How to complete this task
In the entries below, find the line with "Toyota Tundra 2WD" and the line with "2 bedroom apartment"; reproduce those two lines and all lines between them exactly, without pictures.
---------- Data listing
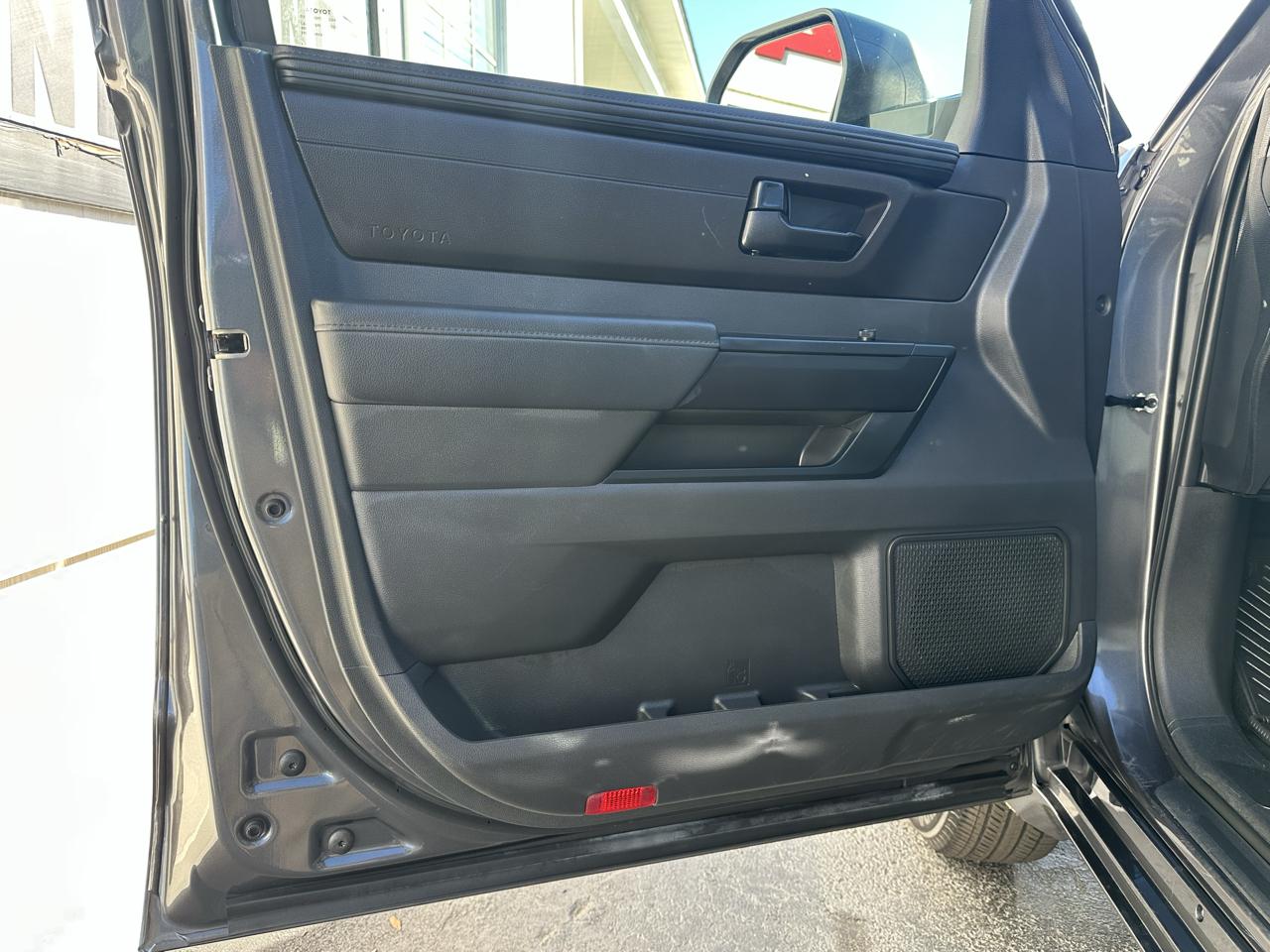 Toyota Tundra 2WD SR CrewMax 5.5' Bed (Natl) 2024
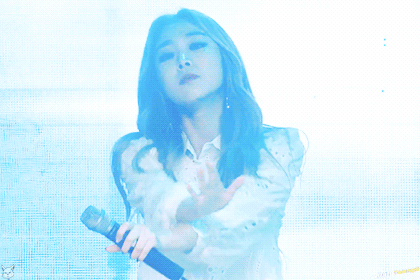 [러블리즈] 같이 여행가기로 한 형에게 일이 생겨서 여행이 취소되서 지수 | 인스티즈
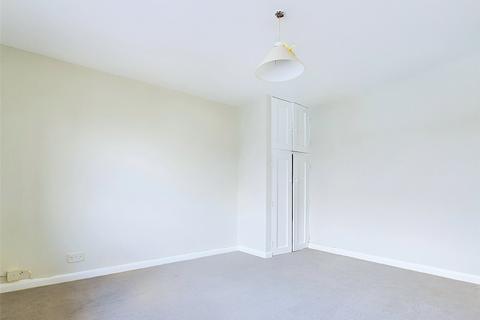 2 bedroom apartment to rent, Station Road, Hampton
--------------------
---------- Data listing
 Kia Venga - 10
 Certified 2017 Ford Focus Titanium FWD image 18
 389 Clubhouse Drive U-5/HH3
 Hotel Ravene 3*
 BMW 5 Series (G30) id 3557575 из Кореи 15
--------------------
---------- Data listing
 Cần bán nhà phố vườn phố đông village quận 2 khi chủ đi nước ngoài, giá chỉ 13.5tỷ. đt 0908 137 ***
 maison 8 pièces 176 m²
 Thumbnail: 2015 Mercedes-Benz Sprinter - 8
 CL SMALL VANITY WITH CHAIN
--------------------
Solved exercise
 Toyota Tundra 2WD SR CrewMax 5.5' Bed (Natl) 2024
 [러블리즈] 같이 여행가기로 한 형에게 일이 생겨서 여행이 취소되서 지수 | 인스티즈
 2 bedroom apartment to rent, Station Road, Hampton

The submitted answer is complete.